As part of the global carbon cycle it is thought that global biomass acts as a carbon reservoir and consequently that deforestation and changes of land use contribute to global warming by liberating carbon from this reservoir.
Initiatives such as United Nations Collaborative Programmed on Reducing Emissions from Deforestation and Degradation in Developing Countries (REDD) are attempting to measure changes in forest carbon storage. But many countries do not have national forest inventories, and for those that do, methods and definitions used to monitor vegetation differ.
Presenting a new method of interpreting GLAS data, researchers from the US Forest Service, NASA and Colorado State University, have been able to develop a randomisation protocol which allows accurate estimates of total biomass.
Dr Sean Healey from the Rocky Mountain Research Station explained, "To sample the Lidar data we split the area to be evaluated up into a series of equal area, but not equal shape units, using a fractal-based approach. This provided us with a statistically solid base to our estimates. Each unit contained at least one GLAS shot and where there was more than one shot (on average each unit had 560 shots) only one was randomly chosen.
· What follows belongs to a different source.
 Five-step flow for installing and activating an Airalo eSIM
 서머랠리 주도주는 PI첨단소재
We tested this method on California because the US Forest Inventory and Analysis program (FIA) maintains extensive forestry records including biomass which we could compare our method to."
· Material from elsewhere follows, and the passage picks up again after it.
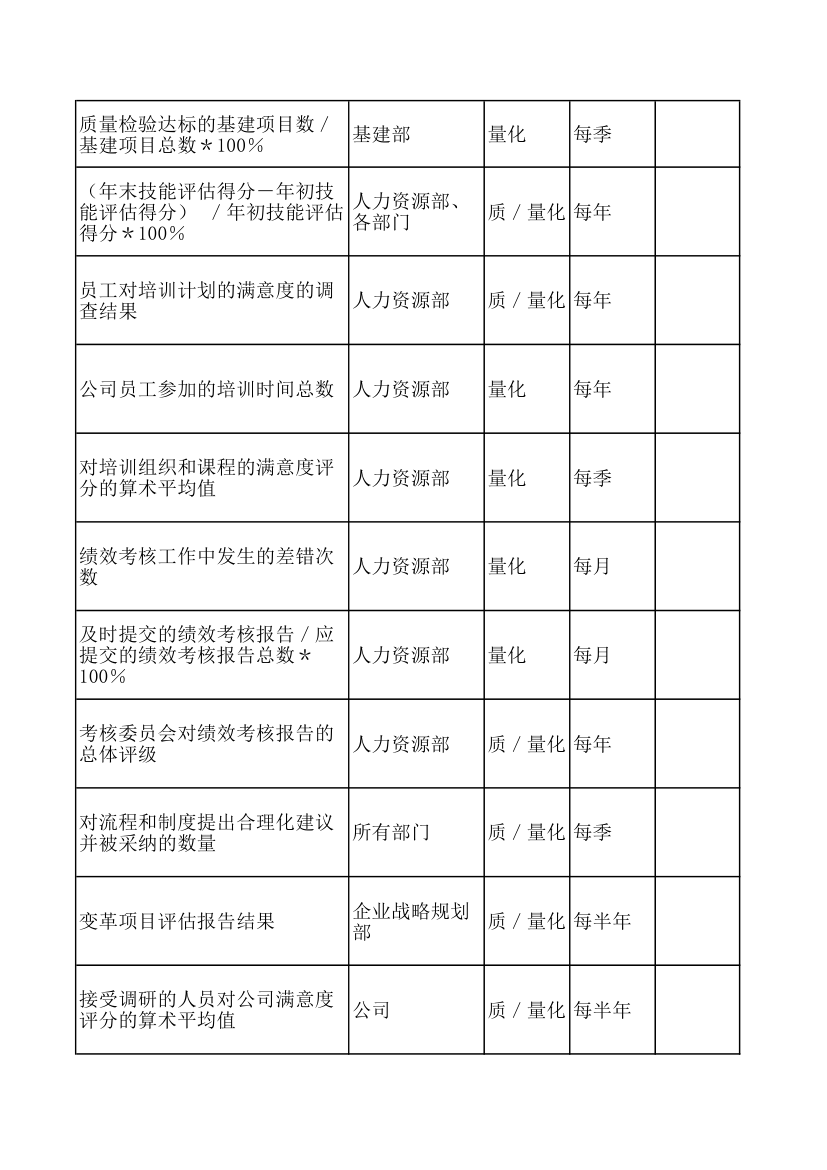 KPI绩效考核指标.xls第31页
The GLAS estimate of biomass for California was 211 Mg/ha - equivalent to the FIA estimate (based on 10 years worth of recordings). Global application of this method on the GLAS data, or on data provided by ICESat2, would provide a standardized, timed, snapshot of biomass.
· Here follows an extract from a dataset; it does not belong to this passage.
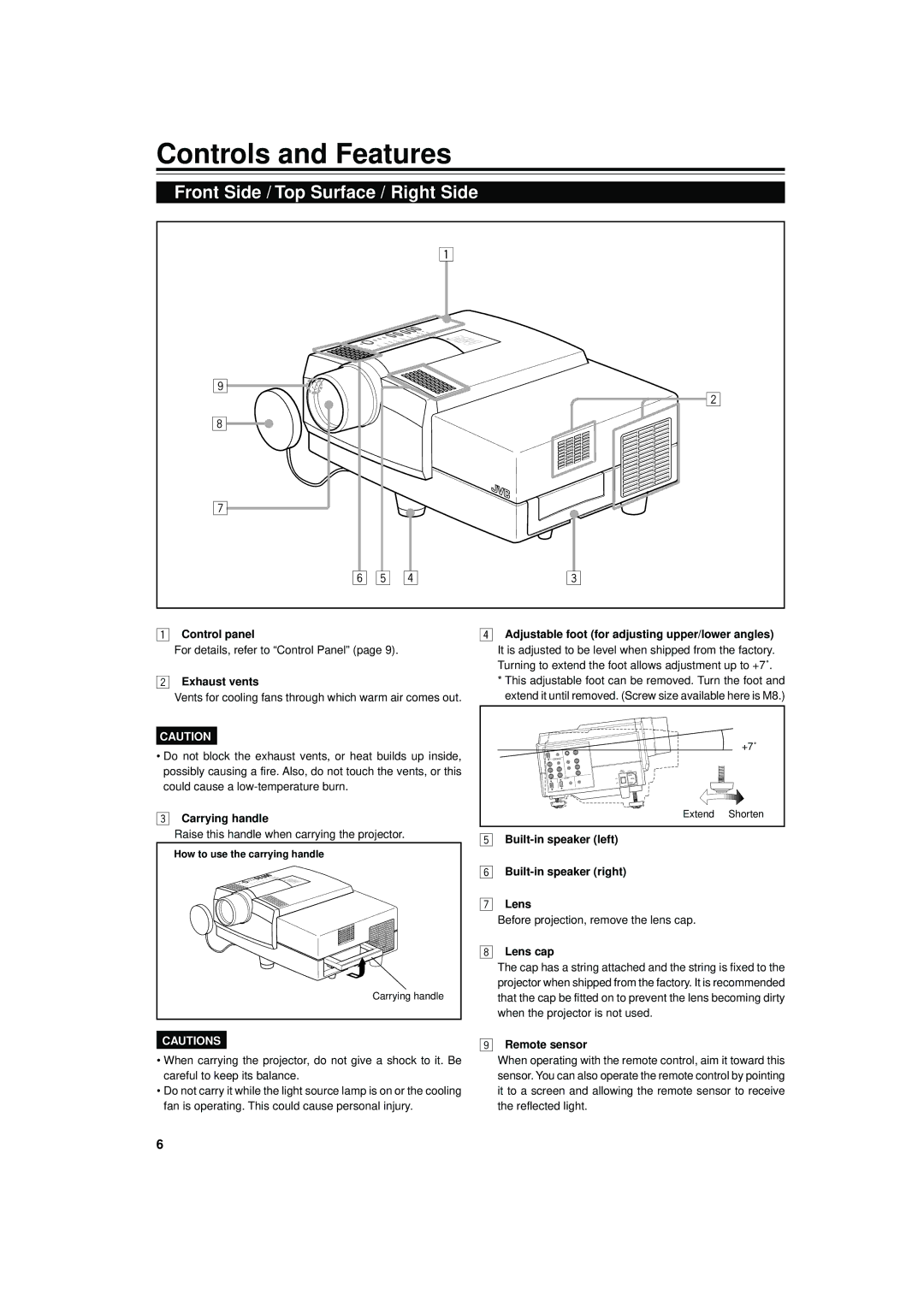 JVC DLA-S15U manual Controls and Features, Front Side / Top Surface / Right Side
Dr Sean Healey continued, "In fact, this method. has been adopted for just this purpose by a partnership between scientists participating in the NASA Carbon Monitoring System pilot project and the UN Food and Agriculture Organization (FAO). Co-editor in Chief of Carbon Balance and Management, Dr Burke Hales said, "The GLAS approach shows promise in standardizing global forest biomass inventory, and in improving spatial and temporal coverage more quickly, easily, and most likely cheaply than traditional methods. We will probably need to rely on 'boots on the ground' estimates to refine the GLAS method for some time, but the addition of this approach will reduce the uncertainty currently overshadowing the inclusion of forest biomass in global carbon budgets."